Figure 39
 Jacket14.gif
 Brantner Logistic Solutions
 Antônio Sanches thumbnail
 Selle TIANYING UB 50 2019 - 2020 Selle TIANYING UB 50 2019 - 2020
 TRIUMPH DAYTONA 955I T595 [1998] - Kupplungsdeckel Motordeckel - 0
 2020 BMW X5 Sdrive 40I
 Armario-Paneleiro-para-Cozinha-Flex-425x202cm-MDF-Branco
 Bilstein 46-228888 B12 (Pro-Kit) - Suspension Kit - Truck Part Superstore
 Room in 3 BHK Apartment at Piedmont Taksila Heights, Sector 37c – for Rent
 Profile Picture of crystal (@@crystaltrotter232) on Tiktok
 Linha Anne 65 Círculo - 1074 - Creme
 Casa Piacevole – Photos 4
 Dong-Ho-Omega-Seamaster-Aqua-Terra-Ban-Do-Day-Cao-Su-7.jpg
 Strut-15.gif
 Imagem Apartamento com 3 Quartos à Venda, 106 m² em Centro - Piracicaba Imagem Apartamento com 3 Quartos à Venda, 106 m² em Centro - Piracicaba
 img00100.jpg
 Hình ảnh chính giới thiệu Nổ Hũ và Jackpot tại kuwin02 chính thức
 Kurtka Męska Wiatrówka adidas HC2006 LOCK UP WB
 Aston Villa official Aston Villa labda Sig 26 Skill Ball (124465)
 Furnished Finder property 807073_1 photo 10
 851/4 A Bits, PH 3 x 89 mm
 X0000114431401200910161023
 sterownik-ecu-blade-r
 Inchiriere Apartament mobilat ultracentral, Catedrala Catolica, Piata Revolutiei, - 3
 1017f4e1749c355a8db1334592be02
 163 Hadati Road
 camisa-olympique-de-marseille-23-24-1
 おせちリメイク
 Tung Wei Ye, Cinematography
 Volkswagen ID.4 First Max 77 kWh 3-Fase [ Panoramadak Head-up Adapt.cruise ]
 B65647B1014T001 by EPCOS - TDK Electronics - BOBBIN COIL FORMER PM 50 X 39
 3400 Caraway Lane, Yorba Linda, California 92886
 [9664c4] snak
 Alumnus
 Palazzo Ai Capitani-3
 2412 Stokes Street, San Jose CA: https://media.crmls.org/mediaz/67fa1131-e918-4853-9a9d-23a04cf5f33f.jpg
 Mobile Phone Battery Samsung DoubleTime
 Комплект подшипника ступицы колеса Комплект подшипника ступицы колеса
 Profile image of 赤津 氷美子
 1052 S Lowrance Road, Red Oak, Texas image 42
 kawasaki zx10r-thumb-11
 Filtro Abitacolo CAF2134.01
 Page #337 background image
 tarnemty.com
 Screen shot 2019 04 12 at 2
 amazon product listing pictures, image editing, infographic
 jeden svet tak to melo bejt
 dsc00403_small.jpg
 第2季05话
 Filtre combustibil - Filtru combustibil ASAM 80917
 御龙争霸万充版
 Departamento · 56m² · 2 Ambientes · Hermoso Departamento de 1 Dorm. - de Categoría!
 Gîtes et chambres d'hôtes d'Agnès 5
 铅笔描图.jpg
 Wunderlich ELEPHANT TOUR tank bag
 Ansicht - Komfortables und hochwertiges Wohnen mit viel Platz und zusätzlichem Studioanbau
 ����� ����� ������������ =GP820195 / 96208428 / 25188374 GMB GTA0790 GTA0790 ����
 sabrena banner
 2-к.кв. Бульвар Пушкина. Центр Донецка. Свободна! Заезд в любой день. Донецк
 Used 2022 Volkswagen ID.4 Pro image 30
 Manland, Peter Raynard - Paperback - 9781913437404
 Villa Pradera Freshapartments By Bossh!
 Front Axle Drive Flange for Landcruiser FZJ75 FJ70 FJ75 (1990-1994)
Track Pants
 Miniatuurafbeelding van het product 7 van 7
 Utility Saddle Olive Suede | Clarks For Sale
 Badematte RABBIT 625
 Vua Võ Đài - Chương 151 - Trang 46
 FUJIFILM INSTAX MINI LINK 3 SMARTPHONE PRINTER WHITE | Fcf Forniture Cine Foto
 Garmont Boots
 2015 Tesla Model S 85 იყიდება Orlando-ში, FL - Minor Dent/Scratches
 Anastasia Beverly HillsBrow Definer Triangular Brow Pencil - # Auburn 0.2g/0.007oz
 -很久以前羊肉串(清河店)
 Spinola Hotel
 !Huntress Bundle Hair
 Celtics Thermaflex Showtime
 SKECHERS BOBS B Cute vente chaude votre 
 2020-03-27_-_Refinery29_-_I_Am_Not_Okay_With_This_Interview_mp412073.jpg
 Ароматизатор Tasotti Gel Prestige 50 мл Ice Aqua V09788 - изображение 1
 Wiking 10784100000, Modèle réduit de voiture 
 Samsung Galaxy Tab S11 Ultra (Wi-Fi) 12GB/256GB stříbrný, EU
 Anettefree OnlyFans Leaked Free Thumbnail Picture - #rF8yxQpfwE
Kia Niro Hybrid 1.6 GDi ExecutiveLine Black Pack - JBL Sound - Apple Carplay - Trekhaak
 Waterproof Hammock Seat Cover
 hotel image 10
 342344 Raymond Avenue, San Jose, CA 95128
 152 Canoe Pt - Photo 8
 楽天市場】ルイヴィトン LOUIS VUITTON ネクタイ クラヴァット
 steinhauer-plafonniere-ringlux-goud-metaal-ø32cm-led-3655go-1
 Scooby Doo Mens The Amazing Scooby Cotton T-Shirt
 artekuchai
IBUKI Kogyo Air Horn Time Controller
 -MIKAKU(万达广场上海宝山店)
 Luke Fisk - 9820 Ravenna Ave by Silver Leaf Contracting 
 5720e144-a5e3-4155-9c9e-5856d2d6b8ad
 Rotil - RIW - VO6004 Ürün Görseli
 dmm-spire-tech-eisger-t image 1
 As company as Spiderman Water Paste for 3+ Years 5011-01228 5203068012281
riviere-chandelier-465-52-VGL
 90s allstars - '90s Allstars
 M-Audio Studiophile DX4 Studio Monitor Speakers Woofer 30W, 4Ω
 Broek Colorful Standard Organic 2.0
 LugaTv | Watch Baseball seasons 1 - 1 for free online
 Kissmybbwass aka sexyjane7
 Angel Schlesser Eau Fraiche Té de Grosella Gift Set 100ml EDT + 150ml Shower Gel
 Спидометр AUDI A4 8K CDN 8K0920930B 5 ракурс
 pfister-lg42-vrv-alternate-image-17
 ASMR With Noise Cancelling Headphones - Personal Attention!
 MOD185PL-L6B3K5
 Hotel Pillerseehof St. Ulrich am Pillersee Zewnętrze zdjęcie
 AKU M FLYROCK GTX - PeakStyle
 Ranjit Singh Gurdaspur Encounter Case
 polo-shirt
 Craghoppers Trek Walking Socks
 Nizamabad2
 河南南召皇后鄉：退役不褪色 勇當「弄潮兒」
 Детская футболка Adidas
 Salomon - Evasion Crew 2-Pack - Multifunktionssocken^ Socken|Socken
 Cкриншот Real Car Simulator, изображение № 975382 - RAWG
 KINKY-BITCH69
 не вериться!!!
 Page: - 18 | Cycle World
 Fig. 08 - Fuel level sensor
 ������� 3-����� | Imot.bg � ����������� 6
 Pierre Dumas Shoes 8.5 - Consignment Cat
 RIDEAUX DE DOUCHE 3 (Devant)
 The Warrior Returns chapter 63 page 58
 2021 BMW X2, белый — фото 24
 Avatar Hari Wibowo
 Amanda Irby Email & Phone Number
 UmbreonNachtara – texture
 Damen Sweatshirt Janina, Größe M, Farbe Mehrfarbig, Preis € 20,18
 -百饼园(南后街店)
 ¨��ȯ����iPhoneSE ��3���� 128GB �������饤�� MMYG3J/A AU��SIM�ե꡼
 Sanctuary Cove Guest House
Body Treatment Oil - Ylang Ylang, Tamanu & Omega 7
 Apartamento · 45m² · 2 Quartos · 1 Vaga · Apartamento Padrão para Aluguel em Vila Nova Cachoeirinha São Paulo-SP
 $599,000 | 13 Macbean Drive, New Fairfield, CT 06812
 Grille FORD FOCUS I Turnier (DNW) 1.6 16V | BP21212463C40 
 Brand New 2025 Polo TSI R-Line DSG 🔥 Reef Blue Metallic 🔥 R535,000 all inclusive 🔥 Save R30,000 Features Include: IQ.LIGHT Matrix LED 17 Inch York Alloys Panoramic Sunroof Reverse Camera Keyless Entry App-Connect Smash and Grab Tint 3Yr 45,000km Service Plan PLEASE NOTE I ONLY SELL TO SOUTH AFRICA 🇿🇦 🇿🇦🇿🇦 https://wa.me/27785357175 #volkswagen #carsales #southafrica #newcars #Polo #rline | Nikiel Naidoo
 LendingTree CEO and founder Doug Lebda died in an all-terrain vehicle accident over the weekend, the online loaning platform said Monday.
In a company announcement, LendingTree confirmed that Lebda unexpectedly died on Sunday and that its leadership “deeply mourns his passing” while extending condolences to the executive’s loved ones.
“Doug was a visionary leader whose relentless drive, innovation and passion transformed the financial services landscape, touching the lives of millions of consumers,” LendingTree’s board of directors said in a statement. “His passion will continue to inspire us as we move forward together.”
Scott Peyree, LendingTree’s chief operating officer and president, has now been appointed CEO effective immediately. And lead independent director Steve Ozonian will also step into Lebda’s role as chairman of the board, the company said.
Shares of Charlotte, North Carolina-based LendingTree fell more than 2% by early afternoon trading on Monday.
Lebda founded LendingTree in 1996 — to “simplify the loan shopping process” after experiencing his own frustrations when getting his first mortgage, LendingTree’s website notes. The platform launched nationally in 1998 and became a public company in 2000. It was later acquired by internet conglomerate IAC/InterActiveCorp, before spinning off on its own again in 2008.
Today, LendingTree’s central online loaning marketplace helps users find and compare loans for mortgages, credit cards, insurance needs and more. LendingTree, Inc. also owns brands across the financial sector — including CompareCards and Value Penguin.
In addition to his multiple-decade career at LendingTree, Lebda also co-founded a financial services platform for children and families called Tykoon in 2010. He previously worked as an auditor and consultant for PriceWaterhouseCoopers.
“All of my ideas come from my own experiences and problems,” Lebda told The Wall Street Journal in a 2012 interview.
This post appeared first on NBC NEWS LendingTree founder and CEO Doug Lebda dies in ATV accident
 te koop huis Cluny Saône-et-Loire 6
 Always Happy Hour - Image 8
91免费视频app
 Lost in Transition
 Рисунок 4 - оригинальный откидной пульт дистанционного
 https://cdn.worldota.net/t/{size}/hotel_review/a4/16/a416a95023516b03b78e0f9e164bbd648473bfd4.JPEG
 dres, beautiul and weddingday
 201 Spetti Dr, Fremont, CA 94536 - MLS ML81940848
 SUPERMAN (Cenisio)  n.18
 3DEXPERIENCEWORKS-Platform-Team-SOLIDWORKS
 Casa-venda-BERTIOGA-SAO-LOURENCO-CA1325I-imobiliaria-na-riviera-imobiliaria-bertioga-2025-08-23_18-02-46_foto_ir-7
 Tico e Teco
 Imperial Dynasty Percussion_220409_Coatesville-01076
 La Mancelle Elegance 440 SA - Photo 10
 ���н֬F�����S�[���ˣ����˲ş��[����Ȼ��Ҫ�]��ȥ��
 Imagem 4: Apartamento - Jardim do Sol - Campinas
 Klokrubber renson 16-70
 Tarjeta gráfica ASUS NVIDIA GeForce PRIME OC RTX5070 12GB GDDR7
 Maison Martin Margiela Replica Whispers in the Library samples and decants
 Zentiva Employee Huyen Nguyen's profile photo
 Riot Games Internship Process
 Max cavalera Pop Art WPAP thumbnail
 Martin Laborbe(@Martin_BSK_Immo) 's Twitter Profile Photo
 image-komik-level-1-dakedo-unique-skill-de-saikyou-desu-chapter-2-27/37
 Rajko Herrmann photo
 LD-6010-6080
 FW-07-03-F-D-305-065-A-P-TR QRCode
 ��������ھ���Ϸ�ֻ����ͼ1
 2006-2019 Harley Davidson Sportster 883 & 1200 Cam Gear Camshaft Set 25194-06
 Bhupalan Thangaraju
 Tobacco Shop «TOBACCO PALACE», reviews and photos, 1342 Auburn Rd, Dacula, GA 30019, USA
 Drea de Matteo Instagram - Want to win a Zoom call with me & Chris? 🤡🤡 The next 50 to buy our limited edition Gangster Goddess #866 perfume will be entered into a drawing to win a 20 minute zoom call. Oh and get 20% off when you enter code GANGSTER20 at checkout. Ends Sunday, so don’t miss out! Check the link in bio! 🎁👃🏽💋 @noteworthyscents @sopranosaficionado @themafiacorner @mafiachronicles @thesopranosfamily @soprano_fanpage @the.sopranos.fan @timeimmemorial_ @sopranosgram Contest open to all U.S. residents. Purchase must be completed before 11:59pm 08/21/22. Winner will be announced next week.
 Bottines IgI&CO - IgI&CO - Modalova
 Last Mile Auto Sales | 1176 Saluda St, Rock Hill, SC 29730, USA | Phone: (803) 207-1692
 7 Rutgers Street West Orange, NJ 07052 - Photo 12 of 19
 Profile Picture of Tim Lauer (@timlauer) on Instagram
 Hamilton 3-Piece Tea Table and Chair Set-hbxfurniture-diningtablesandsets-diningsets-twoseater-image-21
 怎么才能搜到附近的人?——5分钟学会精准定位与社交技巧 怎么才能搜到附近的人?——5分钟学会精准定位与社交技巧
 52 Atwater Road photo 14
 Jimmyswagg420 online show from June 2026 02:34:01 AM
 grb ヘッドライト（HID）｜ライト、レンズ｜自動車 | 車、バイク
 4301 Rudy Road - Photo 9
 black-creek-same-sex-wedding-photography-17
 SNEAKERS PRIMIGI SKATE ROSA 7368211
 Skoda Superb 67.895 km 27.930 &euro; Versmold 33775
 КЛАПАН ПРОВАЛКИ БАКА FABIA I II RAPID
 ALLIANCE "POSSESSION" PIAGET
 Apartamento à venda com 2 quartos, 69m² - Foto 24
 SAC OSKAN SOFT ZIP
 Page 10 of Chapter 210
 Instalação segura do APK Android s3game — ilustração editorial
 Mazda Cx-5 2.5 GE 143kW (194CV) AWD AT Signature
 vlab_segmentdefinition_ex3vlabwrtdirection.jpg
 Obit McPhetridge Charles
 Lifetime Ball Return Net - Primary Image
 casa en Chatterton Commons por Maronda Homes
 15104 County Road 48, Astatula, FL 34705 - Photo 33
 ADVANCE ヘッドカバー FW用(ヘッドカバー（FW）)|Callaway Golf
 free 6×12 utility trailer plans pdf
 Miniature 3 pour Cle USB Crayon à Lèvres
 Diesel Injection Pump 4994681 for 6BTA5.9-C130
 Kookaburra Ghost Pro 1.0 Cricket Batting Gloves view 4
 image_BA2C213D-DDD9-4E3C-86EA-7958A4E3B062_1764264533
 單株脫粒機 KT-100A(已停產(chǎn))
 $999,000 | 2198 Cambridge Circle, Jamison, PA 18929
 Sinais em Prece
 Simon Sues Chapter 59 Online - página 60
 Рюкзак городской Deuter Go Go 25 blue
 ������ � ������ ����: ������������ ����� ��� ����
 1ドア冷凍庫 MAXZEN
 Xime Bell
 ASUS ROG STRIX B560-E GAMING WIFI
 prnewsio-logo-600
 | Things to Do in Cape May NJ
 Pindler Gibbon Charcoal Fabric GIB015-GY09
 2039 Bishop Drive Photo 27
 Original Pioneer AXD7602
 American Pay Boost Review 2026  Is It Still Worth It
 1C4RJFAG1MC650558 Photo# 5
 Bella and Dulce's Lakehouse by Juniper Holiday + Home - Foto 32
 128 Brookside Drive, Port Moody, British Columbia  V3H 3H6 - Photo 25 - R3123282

Task requirements:
At the first line of the material above, start reproducing each line exactly, and end with the line that holds "Strut-15.gif", adding nothing.

Output of the exercise:
Figure 39
 Jacket14.gif
 Brantner Logistic Solutions
 Antônio Sanches thumbnail
 Selle TIANYING UB 50 2019 - 2020 Selle TIANYING UB 50 2019 - 2020
 TRIUMPH DAYTONA 955I T595 [1998] - Kupplungsdeckel Motordeckel - 0
 2020 BMW X5 Sdrive 40I
 Armario-Paneleiro-para-Cozinha-Flex-425x202cm-MDF-Branco
 Bilstein 46-228888 B12 (Pro-Kit) - Suspension Kit - Truck Part Superstore
 Room in 3 BHK Apartment at Piedmont Taksila Heights, Sector 37c – for Rent
 Profile Picture of crystal (@@crystaltrotter232) on Tiktok
 Linha Anne 65 Círculo - 1074 - Creme
 Casa Piacevole – Photos 4
 Dong-Ho-Omega-Seamaster-Aqua-Terra-Ban-Do-Day-Cao-Su-7.jpg
 Strut-15.gif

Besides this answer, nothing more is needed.